Economist says RFS saves drivers up to $1.50 per gallon - Biofuels Digest

http://www.biofuelsdigest.com/bdigest/2013/09/24/economist-says-rfs-saves-drivers-up-to-1-50-per-gallon/

In Colorado, economist Philip K. Verleger, Jr. says Had Congress not raised the renewable fuels requirement, commercial crude oil inventories at the end of August would have dropped to 5.2 million barrels, a level two hundred million barrels lower than at any time since 1990. He says the US renewable fuels program has cut annual consumer expenditures in 2013 between $700 billion and $2.6 trillion. This translates to consumers paying between $0.50 and $1.50 per gallon less for gasoline.



Commentary: Renewable Fuels Legislation Cuts Crude Prices(emphases my own)

http://www.pkverlegerllc.com/assets/documents/130923_Commentary1.pdf


In 2007, the US Congress passed the Energy Independence and Security Act (EISA), which amended the renewable fuels program to raise the use of ethanol and other renewables as alternatives to petroleum. These fuels have replaced a significant volume of petroleum consumed in the United States. EISA increased the required renewable fuel amount by four hundred thousand barrels per day in 2010 and 2011, five hundred thousand barrels per day in 2012, and nearly seven hundred thousand barrels per day in 2013. The total amount blended into the petroleum mix from 2008 to 2012 was seven hundred million barrels.

Had Congress not raised the renewable fuels requirement, commercial crude oil inventories at the end of August would have dropped to 5.2 million barrels, a level two hundred million barrels lower than at any time since 1990. The lower stocks would almost certainly have pushed prices higher. Crude oil today might easily sell at prices as high as or higher than in 2008. Preliminary econometric tests suggest the price at the end of August would have been $150 per barrel.

The implication for world consumers is clear. As noted in the August 2013 Petroleum Economics Monthly, the US renewable fuels program has cut annual consumer expenditures in 2013 between $700 billion and $2.6 trillion. This translates to consumers paying between $0.50 and $1.50 per gallon less for gasoline.
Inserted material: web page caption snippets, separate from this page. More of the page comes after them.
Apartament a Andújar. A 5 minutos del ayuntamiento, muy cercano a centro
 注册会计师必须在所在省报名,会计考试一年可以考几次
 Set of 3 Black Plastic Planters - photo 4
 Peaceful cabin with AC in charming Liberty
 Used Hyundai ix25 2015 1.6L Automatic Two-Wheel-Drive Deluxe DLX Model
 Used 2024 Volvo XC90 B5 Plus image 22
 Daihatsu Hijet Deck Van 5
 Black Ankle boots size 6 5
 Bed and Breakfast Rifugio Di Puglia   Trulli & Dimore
NOTE that this is quite consistent with the estimate by Merrill Lynch several years earlier I referred to here: http://www.democraticunderground.com/?com=view_post&forum=1127&pid=54461

NOte that we are currently making considerably more ethanol than we were in 2008 when Merrill Lynch made their estimate. This no doubt explains the range given by Verleger going above that est. price computed based on estimate of ML.



http://www.pkverlegerllc.com/about/philip-k.-verleger/

About: Philip K. Verleger

Dr. Philip K. Verleger, Jr. is president of PKVerleger LLC and a Visiting Fellow at the Peterson Institute for International Economics. Dr. Verleger’s research has focused on the study of energy commodity markets and, more recently, the amazing transformation of the US energy sector.

During his long and distinguished career, Dr. Verleger has correctly anticipated most of the major structural changes occurring in the oil industry over the last 25 years. In 1986, he was the first economist to fully comprehend and explain the appearance and development of energy commodity markets. Dr. Verleger has chronicled the evolution of these markets since then and has been a leading figure globally in driving their growth. In 2012, he was the first economist to write extensively on the United States’ emergence as an energy exporter. His latest papers have chronicled the economic implications of this unexpected tectonic shift.

Dr. Verleger earned his Ph.D. in Economics from MIT in 1971. He began his work on energy as a consultant to the Ford Foundation Energy Policy Project in 1972. He then served as a Senior Staff Economist on President Ford’s Council of Economic Advisers and Director of the Office of Energy Policy at the US Treasury in President Carter’s administration.

Dr. Verleger has been a Senior Research Scholar and Lecturer at the School of Organization and Management at Yale University and a Vice President in the Commodities Division at Drexel Burnham Lambert. He is now Owner and President of PKVerleger LLC. From 2008 to 2010, Dr. Verleger served as the David E. Mitchell/EnCana Professor of Management at the University of Calgary’s Haskayne School of Business.